Ponad 4 miliony złotych wraz z odsetkami będzie musiała zapłacić gmina Karczmiska pierwszemu wykonawcy miejscowej hali sportowej. To prawomocne orzeczenie Sądu Apelacyjnego w Lublinie.
Chodzi o sprawę sprzed 7 lat i zerwanie umowy z firmą Węglopol podczas realizacji inwestycji. Władze gminy zarzucały tej firmie wiele nieprawidłowości oraz niedotrzymywanie uzgodnionych terminów.

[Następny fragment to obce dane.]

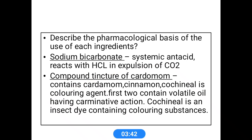The first ingredient is sodium bicarbonate. Sodium bicarbonate is a systemic antacid. It reacts with hydrochloric acid, causing the expulsion of carbon dioxide, which helps to neutralize acidity in our preparation.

– To duży problem, ale sytuacja nie jest beznadziejna – komentuje orzeczenie sądu wójt gminy Karczmiska Janusz Goliszek: – Trzeba pamiętać o tym, że jesteśmy gminą wiejską, gdzie dochody własne są ograniczone i oczywiście kwota 4 milionów złotych będzie problemem, ale nie jest to ogromna tragedia. W tej chwili jesteśmy do tego przygotowani. Budżet nam się spina. Mamy prognozę, która pozwala nam na zaciągnięcie takiego kredytu. Należy pamiętać o tym, że hala stoi i, mimo wszystko, świetnie działa.
Sąd Apelacyjny obniżył zasądzoną kwotę przez Sąd Okręgowy z ponad 6 milionów złotych. Władze gminy czekają teraz na uzasadnienie orzeczenia, a następnie złożą skargę kasacyjną. Sąd zgodził się na wstrzymanie wykonalności wyroku do czasu tego ostatecznego rozstrzygnięcia.